Starting with the line that has "Android versions have" and finishing with the line that has "Here we can", set down each line below exactly. Pictures are not copied.

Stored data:
---
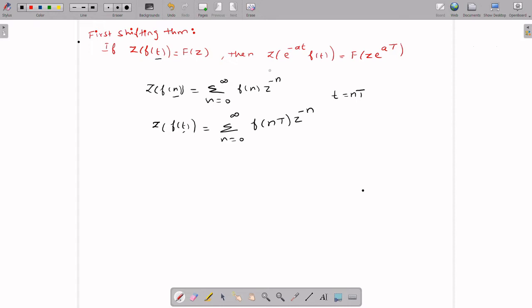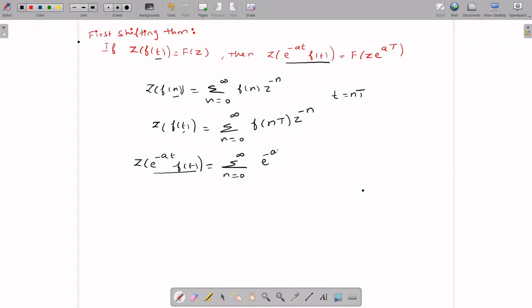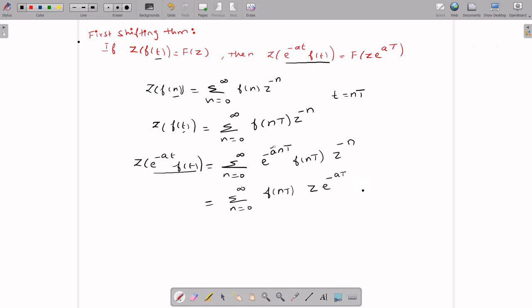We have to find the Z-transform of e^(-at) · f(t). So Z-transform of e^(-at) · f(t) equals summation n=0 to infinity of e^(-a · nT) · f(nT) · z^(-n). Now you combine the z terms — you have e^(-a) and z, so you can combine them as (z · e^(aT))^(-n).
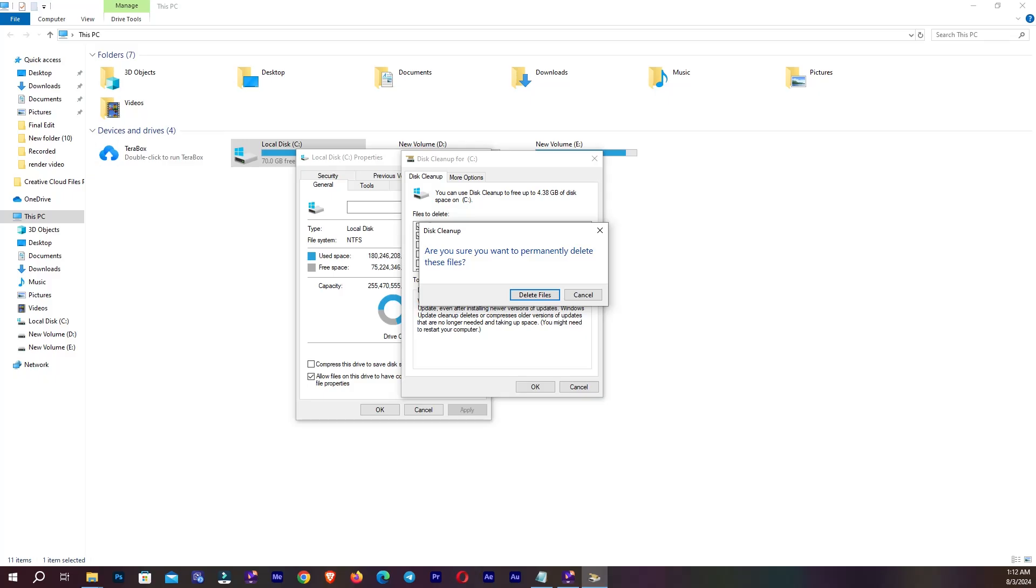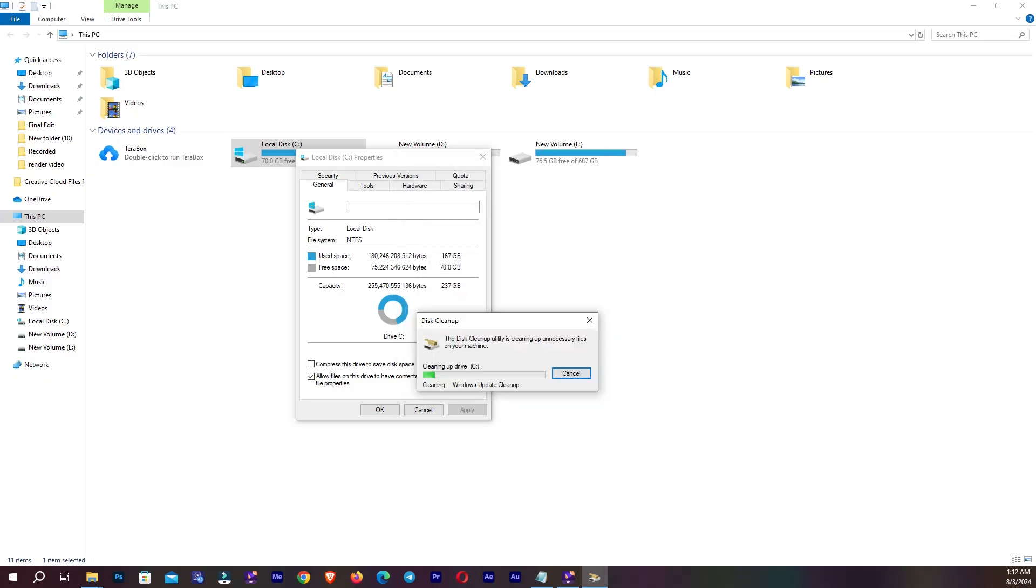Are you sure you want to permanently delete this file? So I'm going to delete this file. And it's cleaning our drive. This may take some time to clean your C drive.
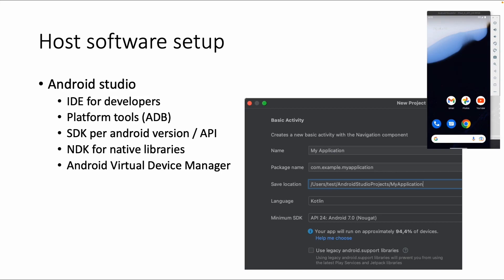Android versions have API numbers - as you can see in this screenshot, API 24 is Android 7. Next to the SDK, there's also an NDK available if you want to develop native libraries in C as an Android developer.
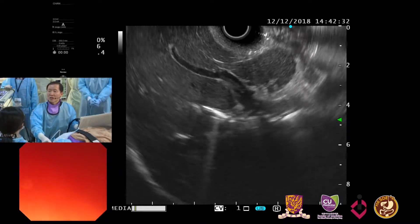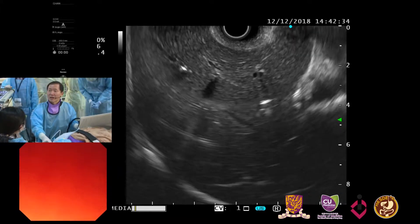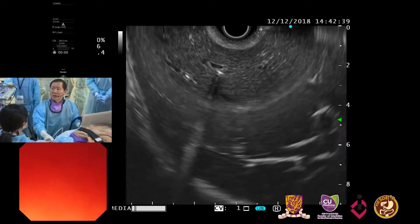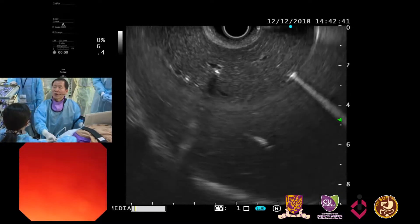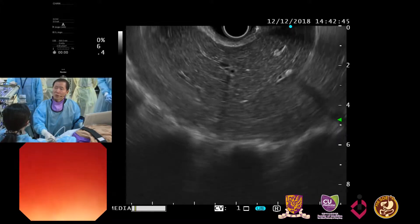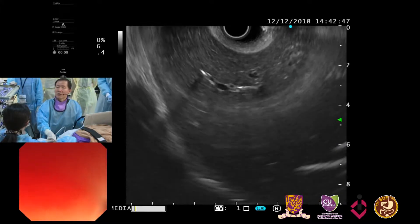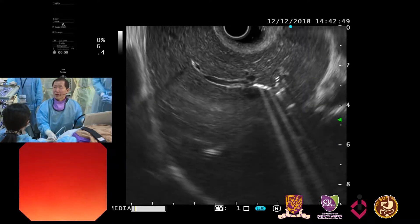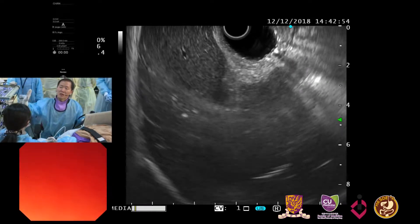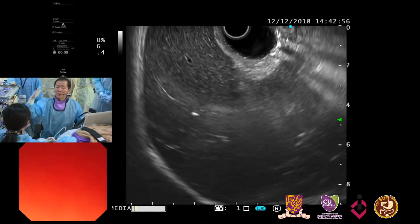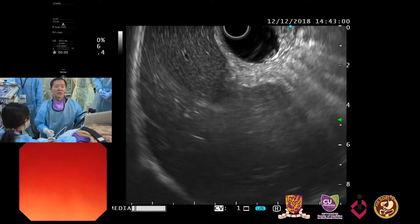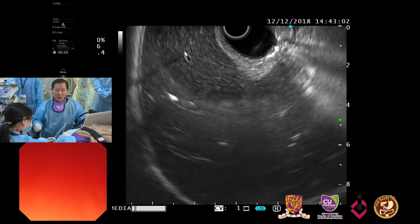Here we can see segment eight and segment five. We can also appreciate the right portal vein. This is the way we can evaluate most of the right side of the liver and get some orientation. This is the anterior segment, and in between we may see the right portal vein and right hepatic vein. The hepatic vein is generally on the margin of the liver segment, while the portal vein is in the center of the segment.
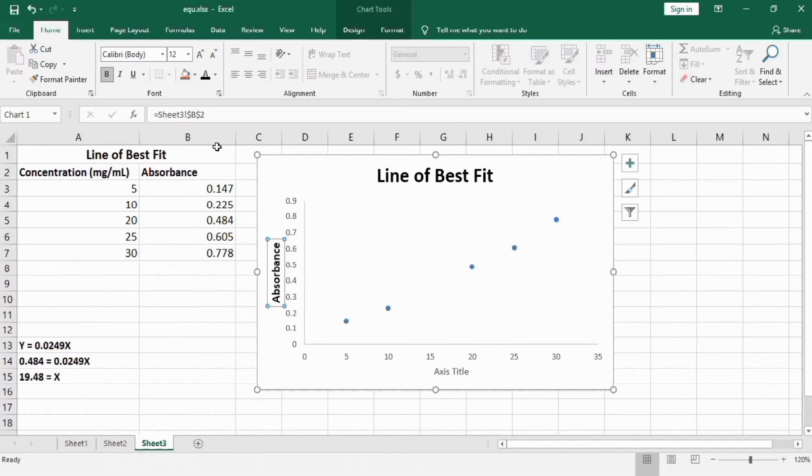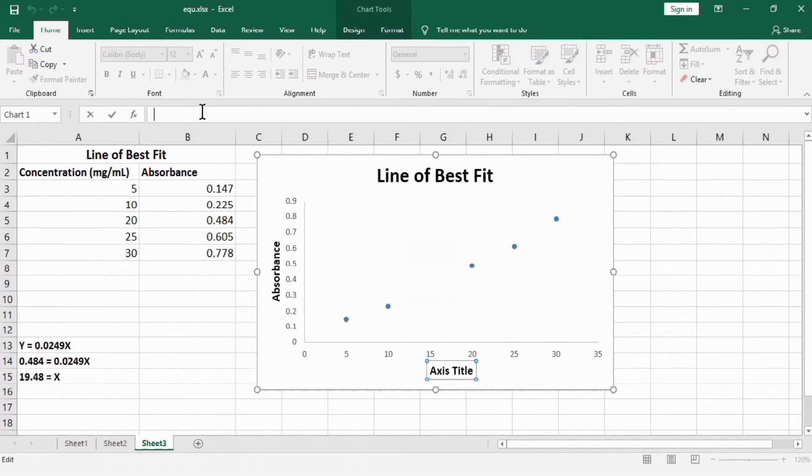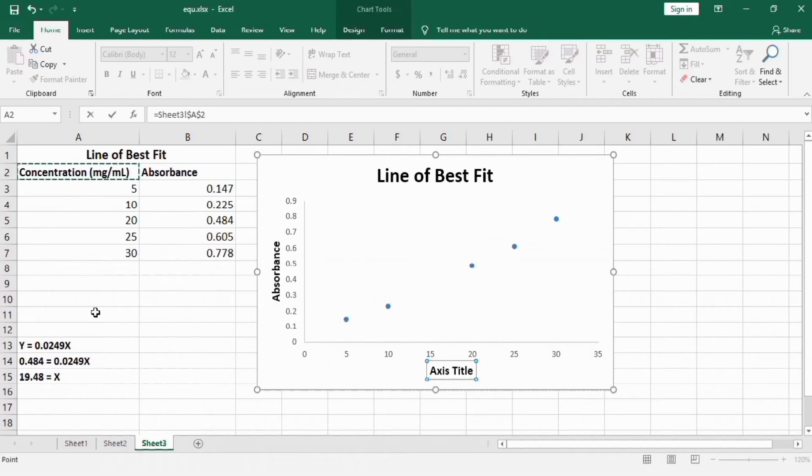Select this cell and use format painter to edit this axis. Now select this axis, put equal sign in formula bar, and select this cell. Press enter.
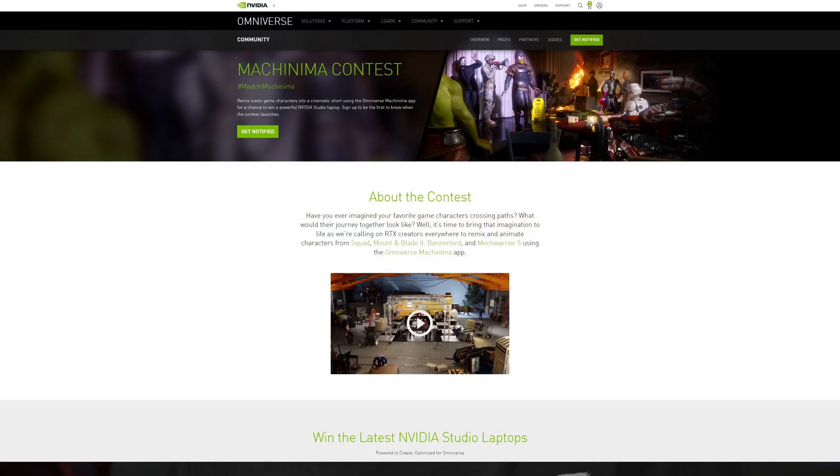What's up y'all. I hope you guys got to tune in to GTC 2022 recently to see what is new in NVIDIA Omniverse. With that being said, in this video I will be talking about the NVIDIA Omniverse short film contest that NVIDIA is hosting right now.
---
→ Written answer:
Android versions have API numbers - as you can see in this screenshot, API 24 is Android 7. Next to the SDK, there's also an NDK available if you want to develop native libraries in C as an Android developer.
Here we can see segment eight and segment five. We can also appreciate the right portal vein. This is the way we can evaluate most of the right side of the liver and get some orientation. This is the anterior segment, and in between we may see the right portal vein and right hepatic vein. The hepatic vein is generally on the margin of the liver segment, while the portal vein is in the center of the segment.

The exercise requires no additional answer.